Nations League: Italia-Israele

Reduce dal 2-2 con il Belgio, l'Italia lunedì sera attende Israele
Pasquale Cosco

Reduce dal 2-2 con il Belgio, l’Italia lunedì sera attende Israele.
Il match è in programma a Udine, dove gli Azzurri non hanno mai perso.

Dopo aver debuttato battendo la Svizzera il 17 novembre 1979, l’Italia ha pareggiato con la Germania Est e liquidato Austria, Slovenia, Svizzera e Georgia. La seconda frenata, 1-1 con la Spagna, è datata 24 marzo del 2016, mentre con Liechtestein e Finlandia sono arrivate le vittorie numero 6 e 7.
Il bilancio dei gol? 15 fatti e solo 2 subiti.
A Udine è cominciata (nel 1998) la carriera azzurra di Totti e si è chiusa (nel 2008) quella di Del Piero.

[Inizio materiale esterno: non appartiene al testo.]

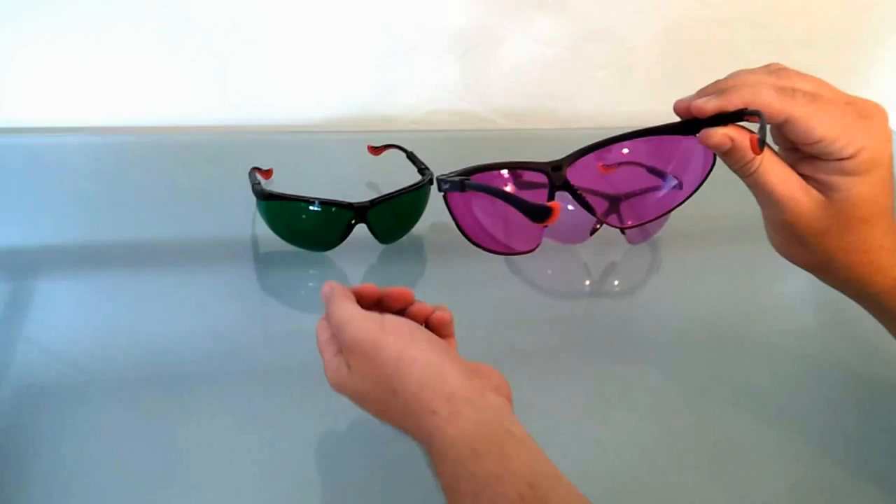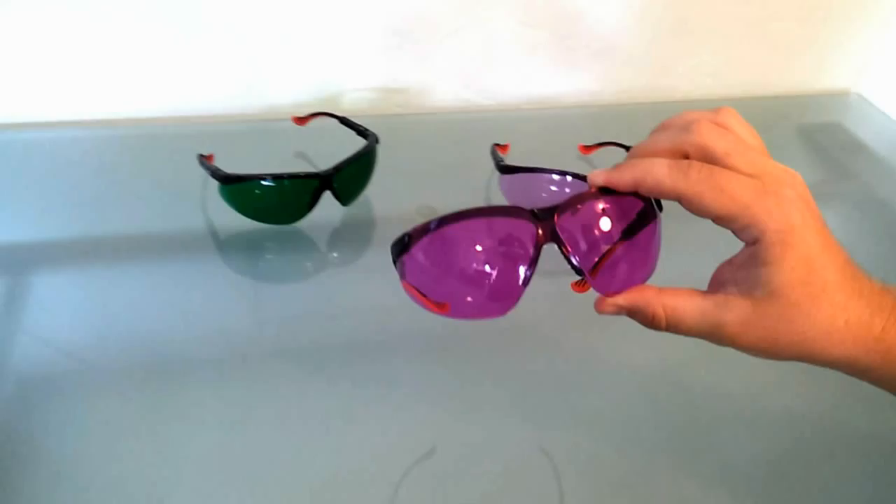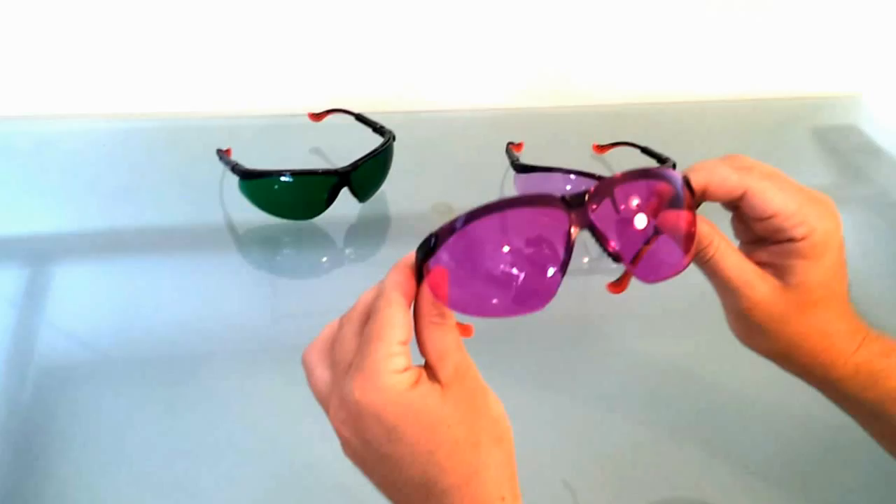They're extremely useful for phlebotomists, nurses, and other clinical professionals involved in medical procedures where the perception of vasculature is important. With these on, in good light, you will notice vessels and veins that were otherwise difficult to see.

Italia-Israele (lunedì 14 ottobre ore 20:45 a Udine)


Valevole per la quarta giornata del Gruppo 2 della Lega A di Nations League, Italia-Israele promette emozioni.

Pareggiando 2-2 con il Belgio, che ha giocato in 11 contro 10 per più di un tempo, l’Italia si è portata a quota 7.
La squadra di Luciano Spalletti, che uno score discreto (9-5-3) sulla panchina azzurra, comanda la classifica con una lunghezza di vantaggio sulla Francia.

Perdendo 4-1 con la Francia, Israele ha collezionato la terza sconfitta ed è rimasta senza punti.
Titolari di una differenza reti allarmante (-6), i ragazzi di Ran Ben Shimon, che ha un ruolino deludente (1-0-4) come selezionatore biancoblù, alloggiano a -4 da quella terza posizione che evita la retrocessione diretta in Lega B.

Gli ultimi tre confronti diretti hanno premiato l’Italia, che all’andata si è imposta 2-1 ed è avanti 5-0 nel bilancio dei sei precedenti.
I miglior marcatori nella storia di questa sfida sono Omar Sívori (4), Mario Corso (3) e Ciro Immobile (2).